* **Exercise**:
Extract the line that contains "Zeffa Stretchy Warm" and every line after it through the end of the records below, exactly as written, leaving out any pictures.

^^^^^^^^^^^^^^^^

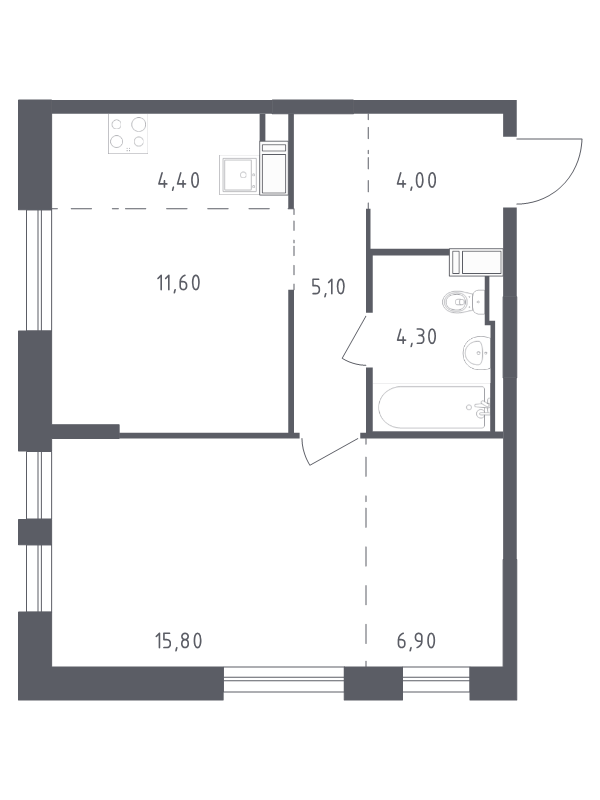 2-комнатная (Евро) квартира, 52.1 м² - планировка, фото №1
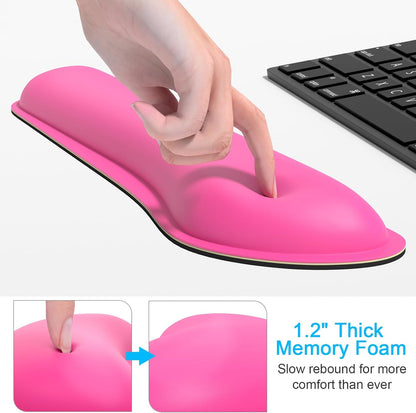 Dapesuom Keyboard Wrist Rest Set, Cute PU Leather Wrist Cushion for Computer Keyboard and Mousepad, Memory Foam Mouse Pad Rests Support with Non-Slip Base for Typing Pain Relief Laptop, Colonial White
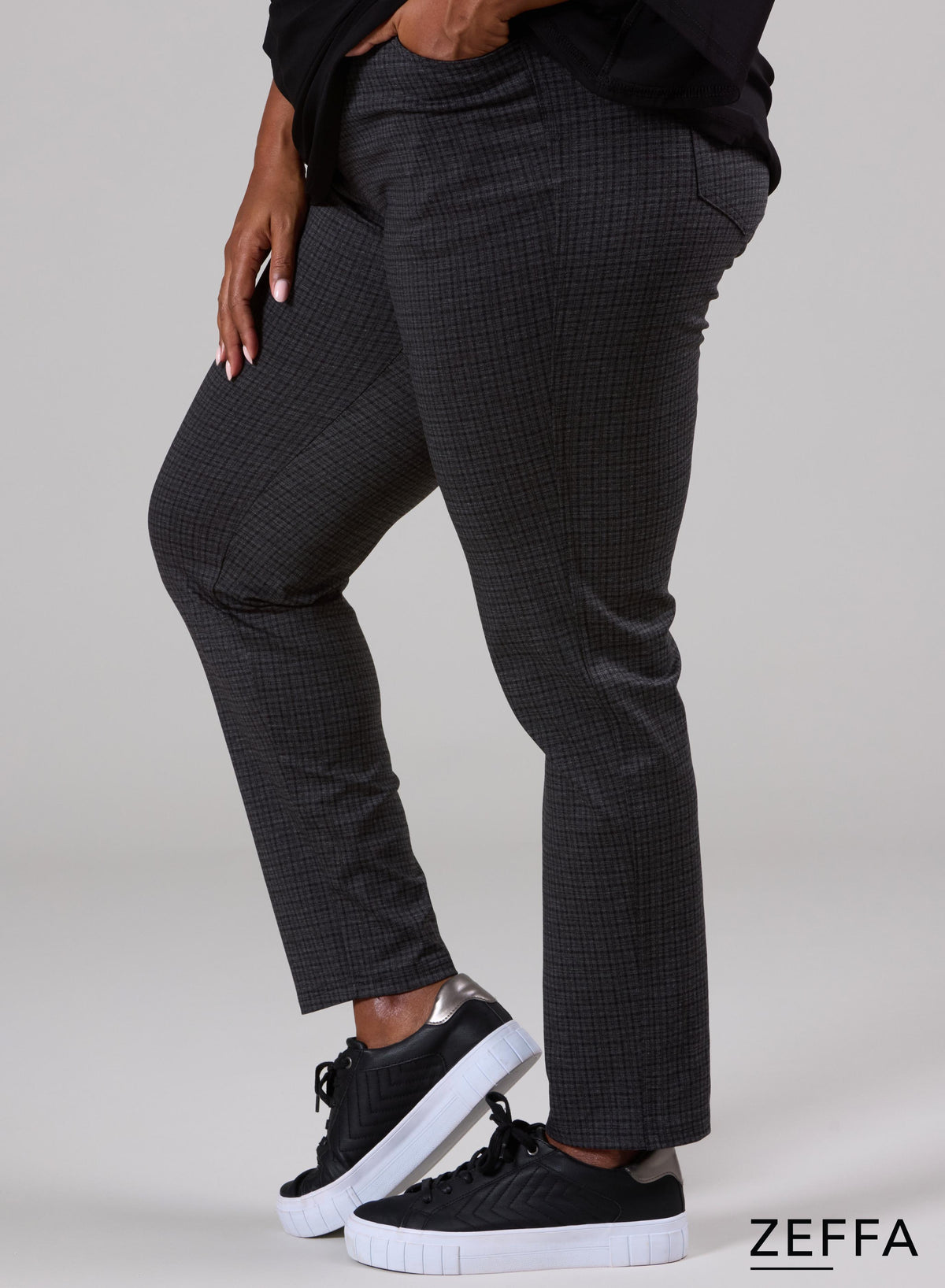 Zeffa Stretchy Warm Viscose Broek met Ruitjespatroon Grijs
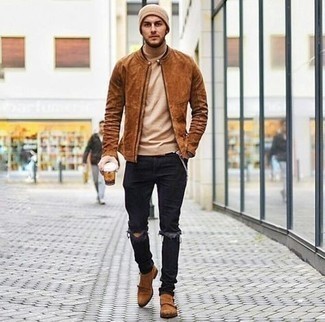 Dark Brown Suede Chelsea Boots Outfits For Men: You'll be amazed at how easy it is for any gent to get dressed this way. Just a brown suede bomber jacket matched with black ripped skinny jeans. Go ahead and go for dark brown suede chelsea boots for an extra touch of elegance.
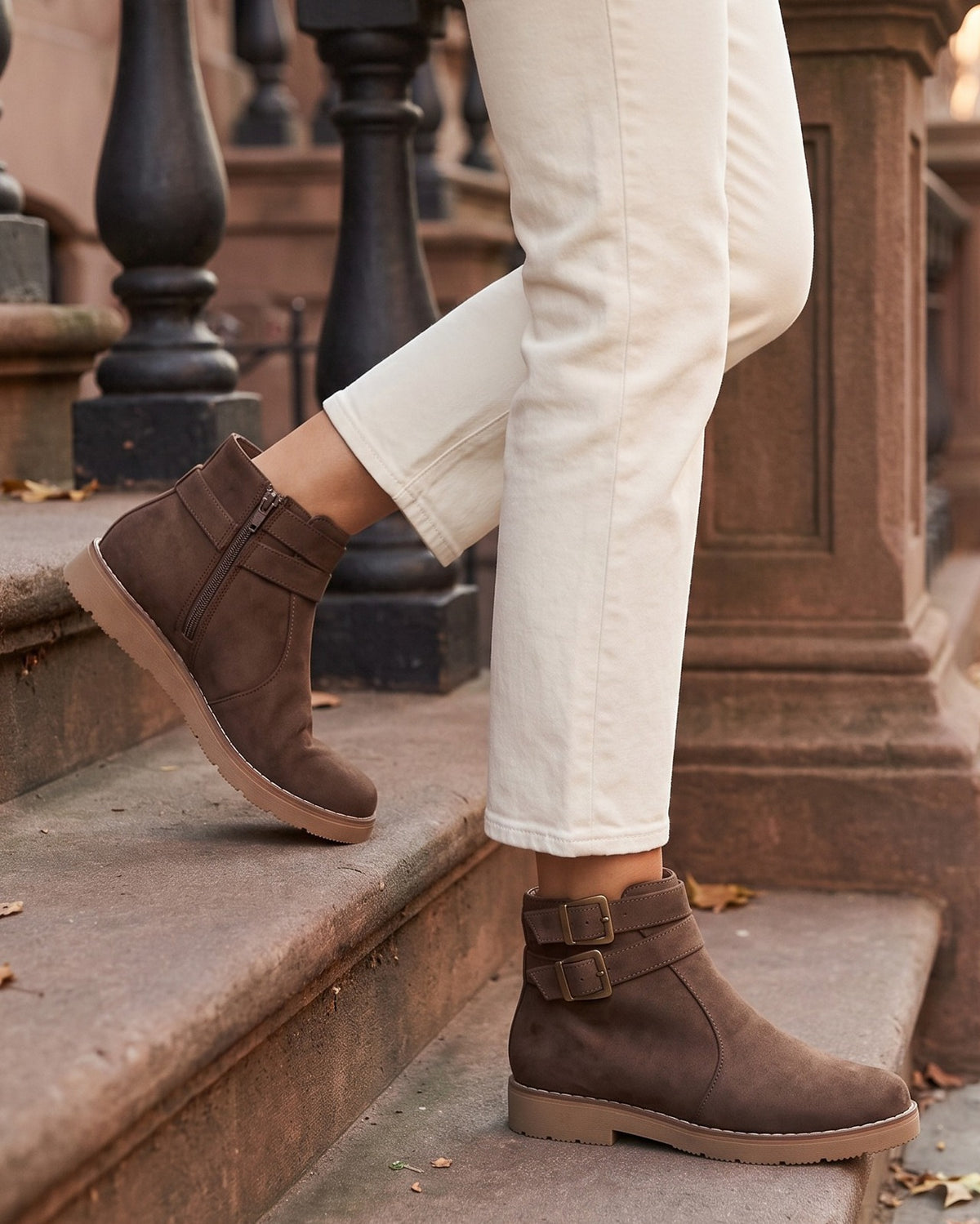 petra-double-buckle-flat-ankle-boots-women-s-brown-suede-look-side-zip-booties 6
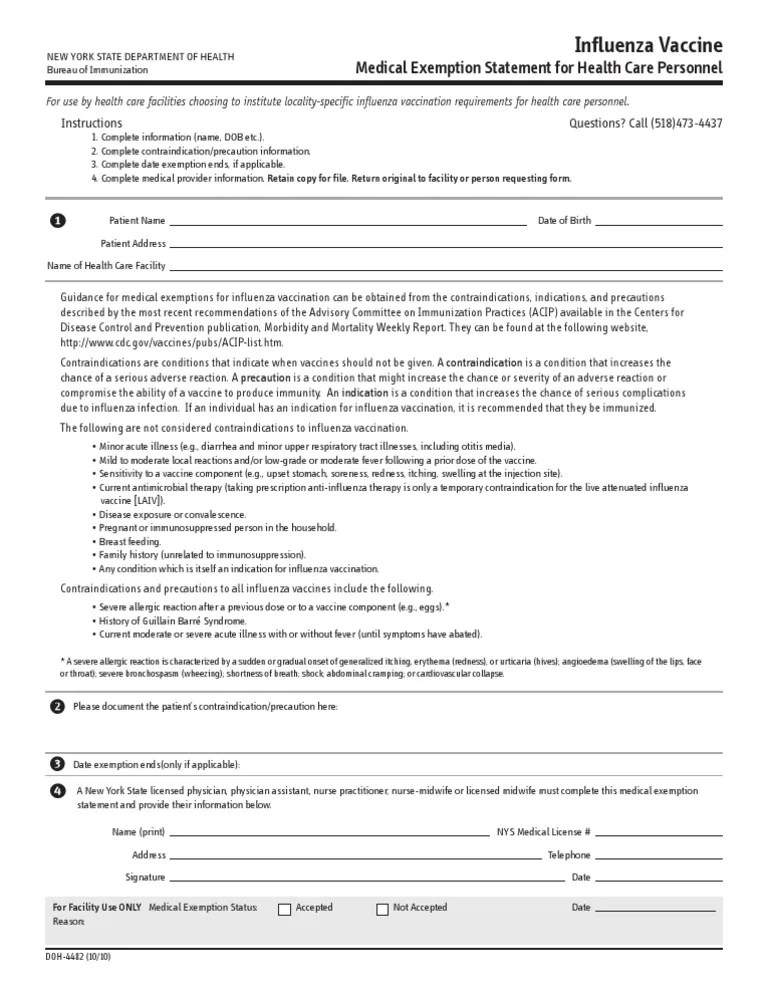 Influenza Vaccine Medical Exemption Form Influenza Vaccine Vaccination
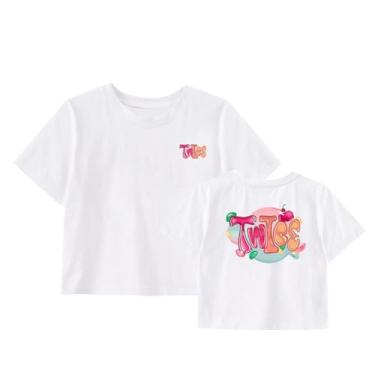 Imagem de T-wice Camiseta Ready to Be Merch Camisetas estampadas K-pop Support Contton gola redonda manga curta, Branco 2-short, M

^^^^^^^^^^^^^^^^

* **Solution for this problem**:
 Zeffa Stretchy Warm Viscose Broek met Ruitjespatroon Grijs
 Dark Brown Suede Chelsea Boots Outfits For Men: You'll be amazed at how easy it is for any gent to get dressed this way. Just a brown suede bomber jacket matched with black ripped skinny jeans. Go ahead and go for dark brown suede chelsea boots for an extra touch of elegance.
 petra-double-buckle-flat-ankle-boots-women-s-brown-suede-look-side-zip-booties 6
 Influenza Vaccine Medical Exemption Form Influenza Vaccine Vaccination
 Imagem de T-wice Camiseta Ready to Be Merch Camisetas estampadas K-pop Support Contton gola redonda manga curta, Branco 2-short, M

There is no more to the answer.